Your goal: Lines from the one with "Chevrolet Spark 2019" to the end of the material, both included: print them exactly and print nothing else. Omit the pictures.

Data for the task:
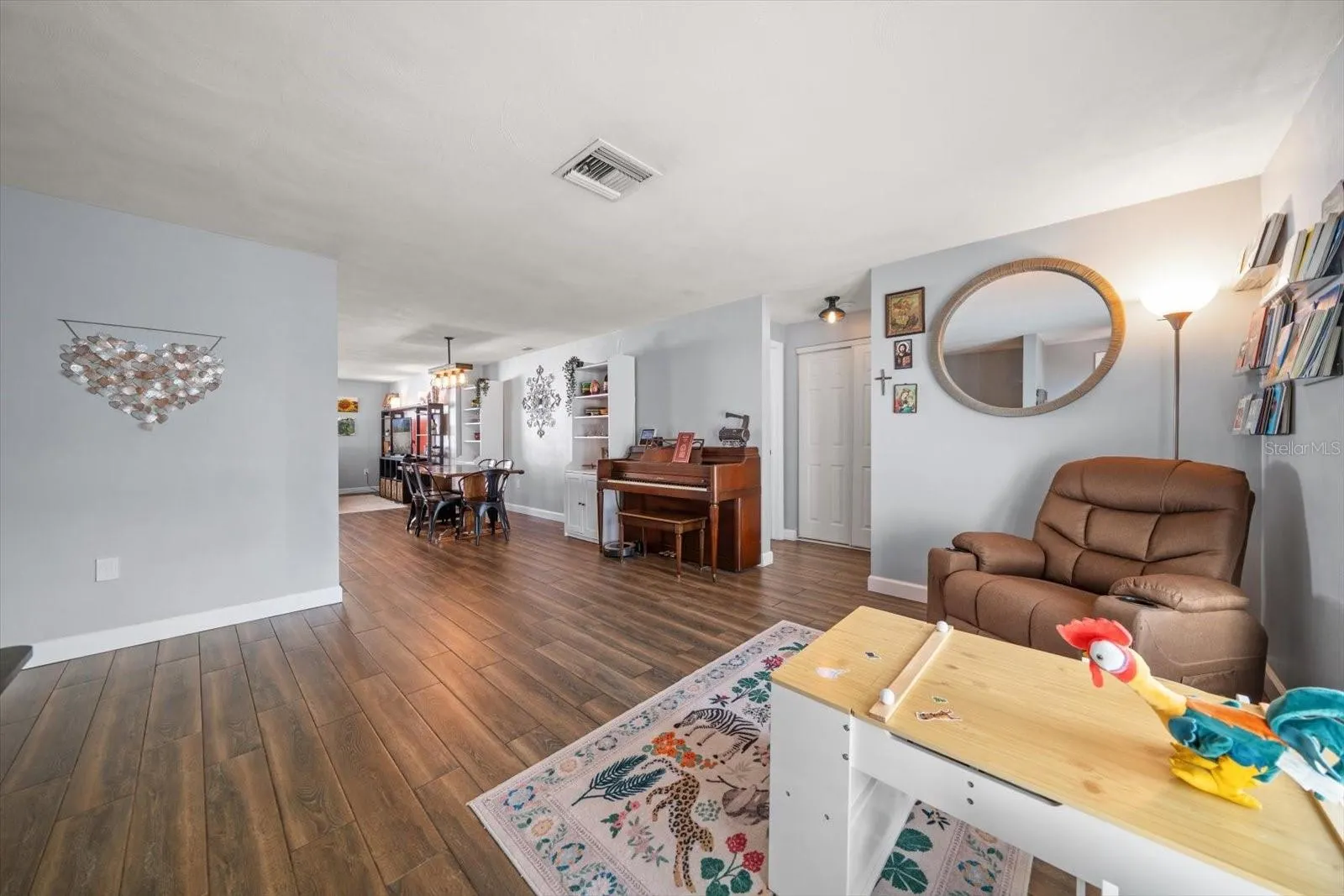 4236 RIVERWOOD DR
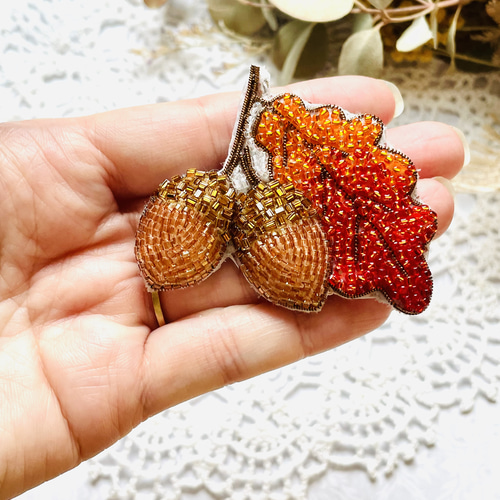 ビーズ刺繍のブローチ・どんぐり（葉つき） ブローチ Little Plum 通販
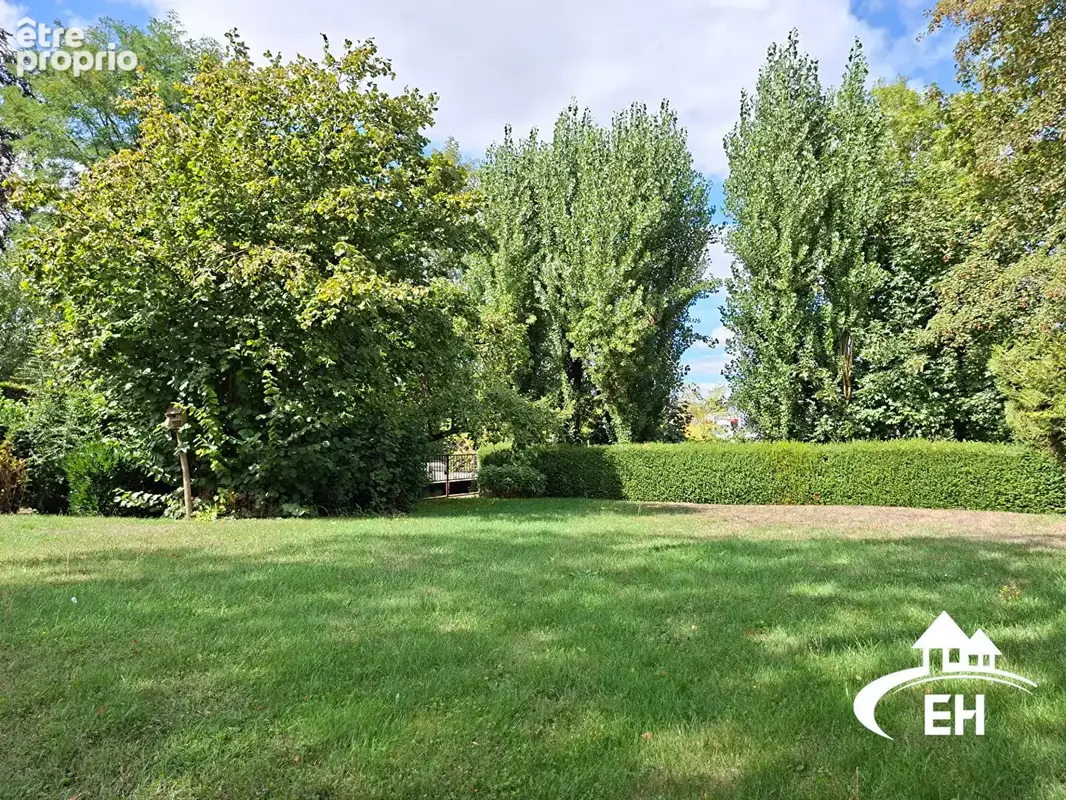 Maison d'architecte de 233 m² - Dépendance attenante de 60 m² - Terrain de 1 300 m² - photo 9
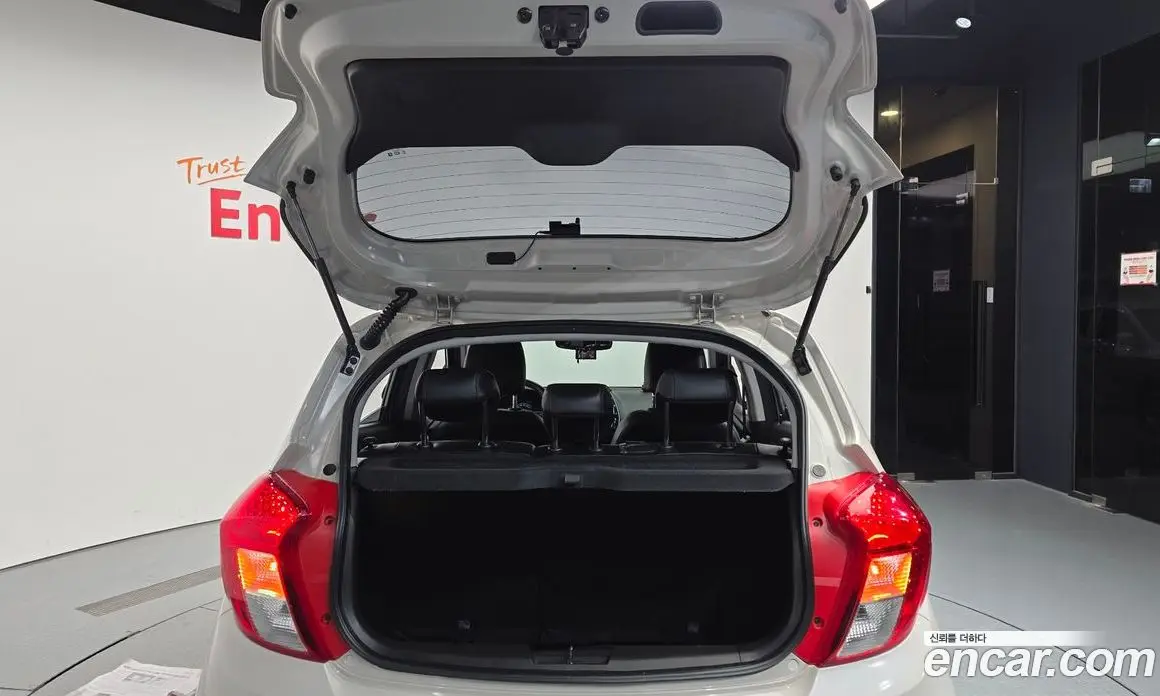 Chevrolet Spark 2019 1.0 автомат (гидро), фото 26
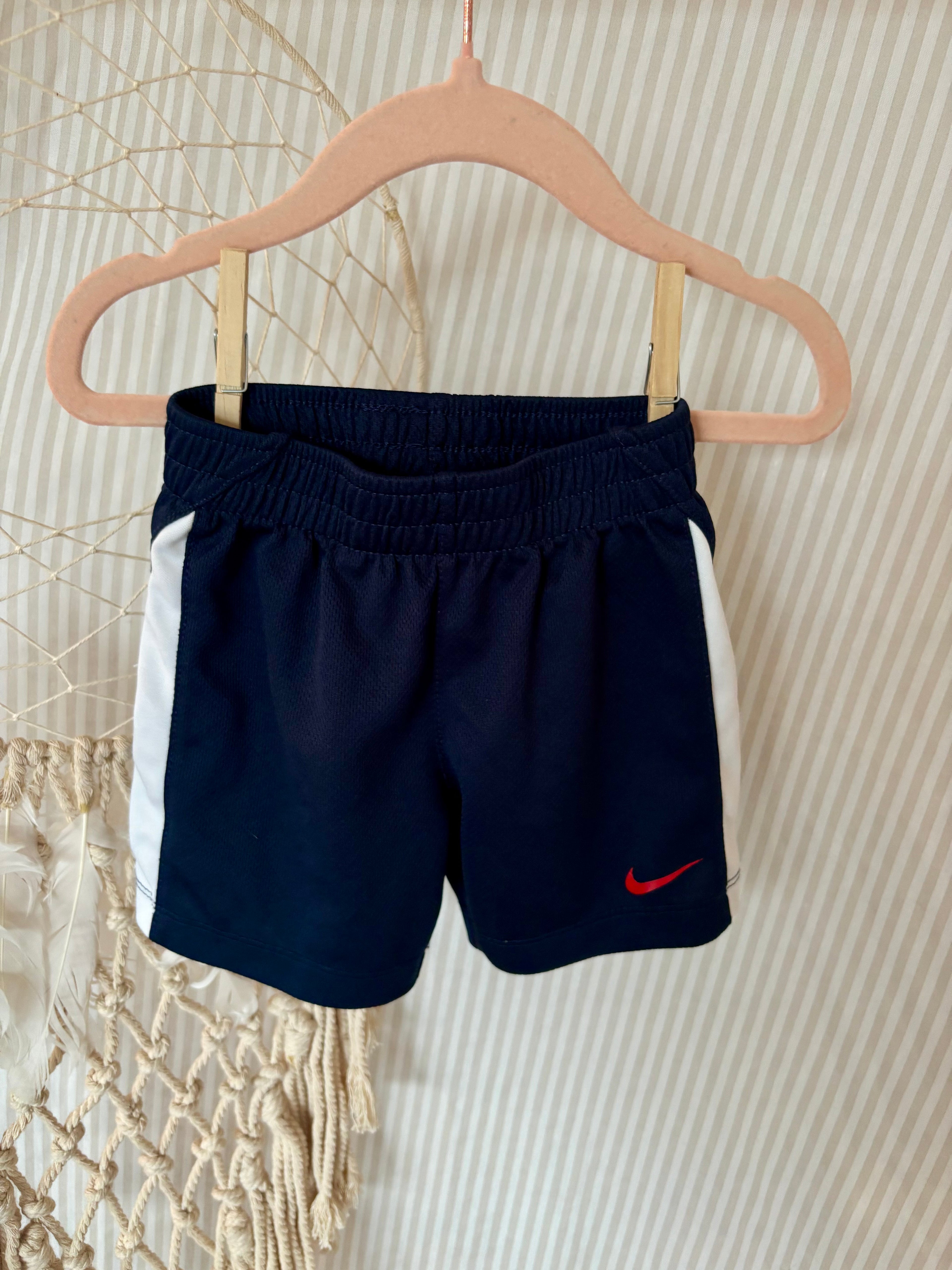 nike short (18mois)
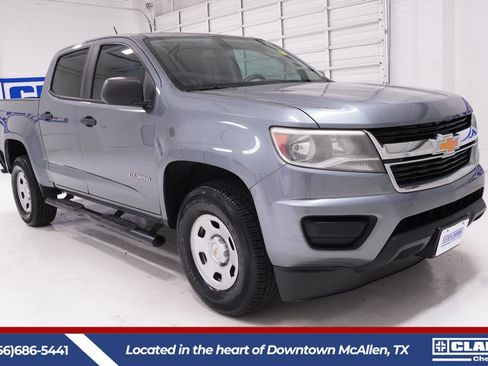 Used 2020 Chevrolet Colorado W/T w/ WT Convenience Package RWD image 3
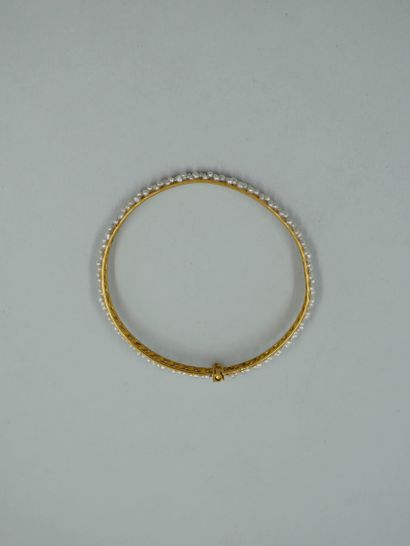 null Bracelet jonc en or jaune 18K facetté et tressé de petites perles de culture....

Solution to this exercise:
 Chevrolet Spark 2019 1.0 автомат (гидро), фото 26
 nike short (18mois)
 Used 2020 Chevrolet Colorado W/T w/ WT Convenience Package RWD image 3
 null Bracelet jonc en or jaune 18K facetté et tressé de petites perles de culture....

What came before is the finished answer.